The seven-member board of the Institute for Jewish Studies, set up by the Jewish Agency for Israel, includes five Orthodox representatives, and one each from the Conservative and Reform movements.

It held its first meeting late last month, and will meet again on May 17.

Benjamin Ish-Shalom, the committee’s chairman, said the first institute, planned for the southern town of Beersheba, where many new immigrants live, could be established “within two months.”

Conservative and Reform leaders say they will continue to send representatives to the meetings. They say, however, that they are only participating in a dialogue to advance mutual understanding and stress that the institute is not the solution proposed by the Ne’eman commission.

That committee, headed by Finance Minister Ya’acov Ne’eman, worked for months to find a compromise between the Orthodox and non-Orthodox in Israel over the right to perform conversions in Israel, where the Orthodox Chief Rabbinate currently has sole authority.

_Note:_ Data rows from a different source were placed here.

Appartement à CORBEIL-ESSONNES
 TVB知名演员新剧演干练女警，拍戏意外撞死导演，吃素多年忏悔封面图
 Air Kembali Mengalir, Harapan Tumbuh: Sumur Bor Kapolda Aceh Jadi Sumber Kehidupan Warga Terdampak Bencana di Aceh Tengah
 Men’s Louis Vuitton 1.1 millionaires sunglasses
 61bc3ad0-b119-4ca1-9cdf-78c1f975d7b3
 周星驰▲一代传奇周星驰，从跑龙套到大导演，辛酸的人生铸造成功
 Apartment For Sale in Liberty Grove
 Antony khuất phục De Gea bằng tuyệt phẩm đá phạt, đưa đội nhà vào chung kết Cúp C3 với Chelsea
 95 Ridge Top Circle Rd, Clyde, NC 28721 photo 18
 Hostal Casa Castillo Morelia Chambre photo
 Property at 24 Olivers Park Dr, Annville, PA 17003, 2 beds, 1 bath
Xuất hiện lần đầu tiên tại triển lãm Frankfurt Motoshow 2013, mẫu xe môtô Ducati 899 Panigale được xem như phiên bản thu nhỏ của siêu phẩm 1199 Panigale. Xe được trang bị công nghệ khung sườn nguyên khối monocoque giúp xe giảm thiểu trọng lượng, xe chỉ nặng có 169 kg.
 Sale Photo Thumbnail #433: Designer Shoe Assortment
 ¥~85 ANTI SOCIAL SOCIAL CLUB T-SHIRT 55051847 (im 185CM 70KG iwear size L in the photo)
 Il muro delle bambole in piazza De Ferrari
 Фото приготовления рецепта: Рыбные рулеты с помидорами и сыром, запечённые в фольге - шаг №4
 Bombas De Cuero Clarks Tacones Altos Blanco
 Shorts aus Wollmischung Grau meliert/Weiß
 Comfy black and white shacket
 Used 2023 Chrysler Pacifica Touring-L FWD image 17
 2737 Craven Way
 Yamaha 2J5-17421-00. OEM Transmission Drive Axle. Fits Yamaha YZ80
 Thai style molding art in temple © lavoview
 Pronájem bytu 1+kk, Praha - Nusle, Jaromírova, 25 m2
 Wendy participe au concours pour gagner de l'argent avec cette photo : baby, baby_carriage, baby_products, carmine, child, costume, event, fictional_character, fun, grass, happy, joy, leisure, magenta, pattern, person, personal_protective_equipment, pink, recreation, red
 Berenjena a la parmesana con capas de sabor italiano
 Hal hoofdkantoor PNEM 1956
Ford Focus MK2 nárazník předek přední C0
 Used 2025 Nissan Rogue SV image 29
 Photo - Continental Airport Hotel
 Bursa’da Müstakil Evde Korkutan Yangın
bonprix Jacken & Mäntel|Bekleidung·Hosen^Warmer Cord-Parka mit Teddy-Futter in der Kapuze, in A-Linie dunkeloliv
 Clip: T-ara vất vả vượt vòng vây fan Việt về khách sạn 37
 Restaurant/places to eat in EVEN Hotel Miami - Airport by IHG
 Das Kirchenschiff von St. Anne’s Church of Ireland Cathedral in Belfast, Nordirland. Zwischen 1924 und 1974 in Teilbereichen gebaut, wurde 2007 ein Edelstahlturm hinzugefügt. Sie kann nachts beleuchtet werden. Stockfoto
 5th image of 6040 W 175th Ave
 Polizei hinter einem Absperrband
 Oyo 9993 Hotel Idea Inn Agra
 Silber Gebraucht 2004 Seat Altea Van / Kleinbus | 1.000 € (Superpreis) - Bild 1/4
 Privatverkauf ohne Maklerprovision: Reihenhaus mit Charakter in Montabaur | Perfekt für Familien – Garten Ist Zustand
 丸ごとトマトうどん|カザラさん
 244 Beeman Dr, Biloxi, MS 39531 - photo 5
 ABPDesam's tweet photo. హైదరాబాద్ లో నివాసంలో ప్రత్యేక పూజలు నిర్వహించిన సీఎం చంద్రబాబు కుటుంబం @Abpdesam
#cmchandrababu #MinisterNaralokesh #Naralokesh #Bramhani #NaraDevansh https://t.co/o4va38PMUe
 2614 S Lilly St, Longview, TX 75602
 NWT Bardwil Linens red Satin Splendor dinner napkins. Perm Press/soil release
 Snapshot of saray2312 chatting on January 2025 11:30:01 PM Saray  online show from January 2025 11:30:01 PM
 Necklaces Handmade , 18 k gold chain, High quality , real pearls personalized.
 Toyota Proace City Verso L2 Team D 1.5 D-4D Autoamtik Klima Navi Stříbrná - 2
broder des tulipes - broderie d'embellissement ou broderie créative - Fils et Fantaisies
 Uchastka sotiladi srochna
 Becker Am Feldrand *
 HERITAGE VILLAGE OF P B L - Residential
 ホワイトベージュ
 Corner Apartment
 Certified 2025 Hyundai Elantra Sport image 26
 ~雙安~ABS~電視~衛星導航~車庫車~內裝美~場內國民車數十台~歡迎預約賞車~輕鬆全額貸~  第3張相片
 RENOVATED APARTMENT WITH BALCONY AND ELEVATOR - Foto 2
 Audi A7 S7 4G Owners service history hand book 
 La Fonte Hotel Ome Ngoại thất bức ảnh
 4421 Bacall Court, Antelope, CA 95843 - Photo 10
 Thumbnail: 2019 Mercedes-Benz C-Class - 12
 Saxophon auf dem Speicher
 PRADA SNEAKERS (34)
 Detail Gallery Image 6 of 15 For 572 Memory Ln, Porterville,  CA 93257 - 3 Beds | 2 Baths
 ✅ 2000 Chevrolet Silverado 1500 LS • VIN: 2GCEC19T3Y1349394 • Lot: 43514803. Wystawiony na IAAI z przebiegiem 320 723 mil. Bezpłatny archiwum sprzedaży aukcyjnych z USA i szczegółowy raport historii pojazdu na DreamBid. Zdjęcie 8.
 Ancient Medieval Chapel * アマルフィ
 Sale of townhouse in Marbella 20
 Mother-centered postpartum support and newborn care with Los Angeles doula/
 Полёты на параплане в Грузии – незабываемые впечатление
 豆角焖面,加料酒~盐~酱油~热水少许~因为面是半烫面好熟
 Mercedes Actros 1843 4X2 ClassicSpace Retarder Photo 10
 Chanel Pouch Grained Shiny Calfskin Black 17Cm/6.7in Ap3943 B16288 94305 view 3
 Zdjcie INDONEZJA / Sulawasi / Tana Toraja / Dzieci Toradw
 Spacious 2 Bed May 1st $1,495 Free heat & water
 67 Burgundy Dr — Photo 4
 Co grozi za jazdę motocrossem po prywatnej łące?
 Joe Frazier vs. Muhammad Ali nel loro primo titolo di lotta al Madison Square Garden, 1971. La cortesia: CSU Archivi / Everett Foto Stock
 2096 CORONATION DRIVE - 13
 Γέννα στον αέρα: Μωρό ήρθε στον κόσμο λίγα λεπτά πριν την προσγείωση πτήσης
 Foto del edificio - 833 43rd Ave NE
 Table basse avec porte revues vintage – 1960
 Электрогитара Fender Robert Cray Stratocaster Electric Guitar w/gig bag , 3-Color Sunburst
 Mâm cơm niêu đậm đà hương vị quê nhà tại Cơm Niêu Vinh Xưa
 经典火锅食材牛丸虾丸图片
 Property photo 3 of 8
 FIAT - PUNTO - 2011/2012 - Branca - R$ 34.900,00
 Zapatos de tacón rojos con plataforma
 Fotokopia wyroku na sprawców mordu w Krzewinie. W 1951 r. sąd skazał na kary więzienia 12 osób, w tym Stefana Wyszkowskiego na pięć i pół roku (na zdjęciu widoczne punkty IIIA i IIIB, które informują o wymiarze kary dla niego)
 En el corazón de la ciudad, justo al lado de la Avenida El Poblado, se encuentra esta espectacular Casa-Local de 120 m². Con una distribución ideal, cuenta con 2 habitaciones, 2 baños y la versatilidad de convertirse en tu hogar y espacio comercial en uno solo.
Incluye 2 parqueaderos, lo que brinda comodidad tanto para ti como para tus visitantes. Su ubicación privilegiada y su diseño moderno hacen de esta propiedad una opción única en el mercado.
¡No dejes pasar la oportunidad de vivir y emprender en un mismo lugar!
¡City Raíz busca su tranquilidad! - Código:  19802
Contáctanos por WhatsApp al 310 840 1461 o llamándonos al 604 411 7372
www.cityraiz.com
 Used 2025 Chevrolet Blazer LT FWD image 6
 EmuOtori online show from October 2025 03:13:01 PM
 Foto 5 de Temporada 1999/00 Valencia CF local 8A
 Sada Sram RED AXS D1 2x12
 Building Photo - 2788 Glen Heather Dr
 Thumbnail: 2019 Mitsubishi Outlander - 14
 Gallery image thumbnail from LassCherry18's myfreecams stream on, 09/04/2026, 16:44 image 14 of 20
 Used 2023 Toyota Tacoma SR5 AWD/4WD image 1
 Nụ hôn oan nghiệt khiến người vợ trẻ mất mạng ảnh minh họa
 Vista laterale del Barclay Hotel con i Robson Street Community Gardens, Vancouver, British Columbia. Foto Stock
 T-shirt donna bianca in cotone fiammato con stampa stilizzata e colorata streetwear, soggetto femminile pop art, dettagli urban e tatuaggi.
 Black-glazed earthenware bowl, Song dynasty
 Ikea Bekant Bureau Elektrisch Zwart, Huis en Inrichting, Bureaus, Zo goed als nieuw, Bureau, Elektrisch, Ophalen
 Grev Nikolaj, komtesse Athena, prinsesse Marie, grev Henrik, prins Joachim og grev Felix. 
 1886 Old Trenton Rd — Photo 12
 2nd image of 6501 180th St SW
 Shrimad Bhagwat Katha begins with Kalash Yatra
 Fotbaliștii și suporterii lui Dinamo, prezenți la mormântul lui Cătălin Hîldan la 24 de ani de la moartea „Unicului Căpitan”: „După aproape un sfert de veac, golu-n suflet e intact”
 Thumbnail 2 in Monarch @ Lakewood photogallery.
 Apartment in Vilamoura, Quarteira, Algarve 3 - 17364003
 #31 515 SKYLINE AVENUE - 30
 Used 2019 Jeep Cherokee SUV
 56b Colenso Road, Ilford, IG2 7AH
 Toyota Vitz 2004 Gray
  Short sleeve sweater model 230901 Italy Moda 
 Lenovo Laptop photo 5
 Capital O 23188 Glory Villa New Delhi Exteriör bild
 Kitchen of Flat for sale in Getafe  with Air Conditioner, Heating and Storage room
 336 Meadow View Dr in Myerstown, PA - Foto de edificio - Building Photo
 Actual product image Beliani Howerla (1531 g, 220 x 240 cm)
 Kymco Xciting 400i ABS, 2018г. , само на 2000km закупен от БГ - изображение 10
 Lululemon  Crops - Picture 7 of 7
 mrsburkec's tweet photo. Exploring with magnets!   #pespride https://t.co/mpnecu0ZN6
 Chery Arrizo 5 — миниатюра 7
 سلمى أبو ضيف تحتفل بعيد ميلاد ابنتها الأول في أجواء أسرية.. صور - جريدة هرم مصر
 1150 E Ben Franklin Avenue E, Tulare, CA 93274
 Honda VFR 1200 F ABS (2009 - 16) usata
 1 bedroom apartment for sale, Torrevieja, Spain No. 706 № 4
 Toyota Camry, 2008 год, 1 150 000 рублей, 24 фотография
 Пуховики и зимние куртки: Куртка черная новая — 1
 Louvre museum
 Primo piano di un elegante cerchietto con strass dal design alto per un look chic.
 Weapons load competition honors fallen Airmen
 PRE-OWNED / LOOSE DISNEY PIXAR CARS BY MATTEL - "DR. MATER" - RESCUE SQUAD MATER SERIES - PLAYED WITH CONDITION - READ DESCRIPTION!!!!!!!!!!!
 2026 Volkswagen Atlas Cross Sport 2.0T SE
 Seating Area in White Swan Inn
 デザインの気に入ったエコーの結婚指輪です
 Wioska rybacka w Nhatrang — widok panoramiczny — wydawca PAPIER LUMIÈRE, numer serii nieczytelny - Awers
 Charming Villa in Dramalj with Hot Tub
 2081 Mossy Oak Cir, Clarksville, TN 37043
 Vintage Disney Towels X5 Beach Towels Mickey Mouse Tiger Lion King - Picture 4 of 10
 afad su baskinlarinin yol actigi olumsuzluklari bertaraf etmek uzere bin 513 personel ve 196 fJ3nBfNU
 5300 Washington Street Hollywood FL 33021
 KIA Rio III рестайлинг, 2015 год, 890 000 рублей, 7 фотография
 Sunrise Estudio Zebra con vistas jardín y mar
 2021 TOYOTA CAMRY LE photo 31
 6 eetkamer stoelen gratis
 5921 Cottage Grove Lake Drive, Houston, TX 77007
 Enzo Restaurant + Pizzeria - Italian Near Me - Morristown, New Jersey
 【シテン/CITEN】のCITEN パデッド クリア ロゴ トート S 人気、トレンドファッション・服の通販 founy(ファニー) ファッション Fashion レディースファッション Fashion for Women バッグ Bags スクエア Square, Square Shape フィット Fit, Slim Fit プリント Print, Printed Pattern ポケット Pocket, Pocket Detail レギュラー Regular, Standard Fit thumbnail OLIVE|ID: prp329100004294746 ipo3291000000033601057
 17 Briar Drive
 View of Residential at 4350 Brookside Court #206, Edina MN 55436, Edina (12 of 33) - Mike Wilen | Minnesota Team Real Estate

Under the compromise proposed by the Ne’eman Committee, rabbis from Judaism’s three leading streams would participate in training potential converts, while the Orthodox clergy would perform the conversions.

But the Chief Rabbinate refused to sign on to the plan, so the committee’s proposal was never formally implemented. The government decided to establish allocated a budget for the institute anyway.

But Reform and Conservative leaders have expressed dismay that the rabbinate has rejected working with them and have vowed to return to court.

“This is not the institute discussed in the Ne’eman commission,” said Rabbi Ehud Bandel, president of Israel’s Masorti, or Conservative, movement.

“We conditioned our acceptance of the Ne’eman commission recommendations on the Chief Rabbinate accepting the conclusions in their entirety. The Chief Rabbinate has not done this.”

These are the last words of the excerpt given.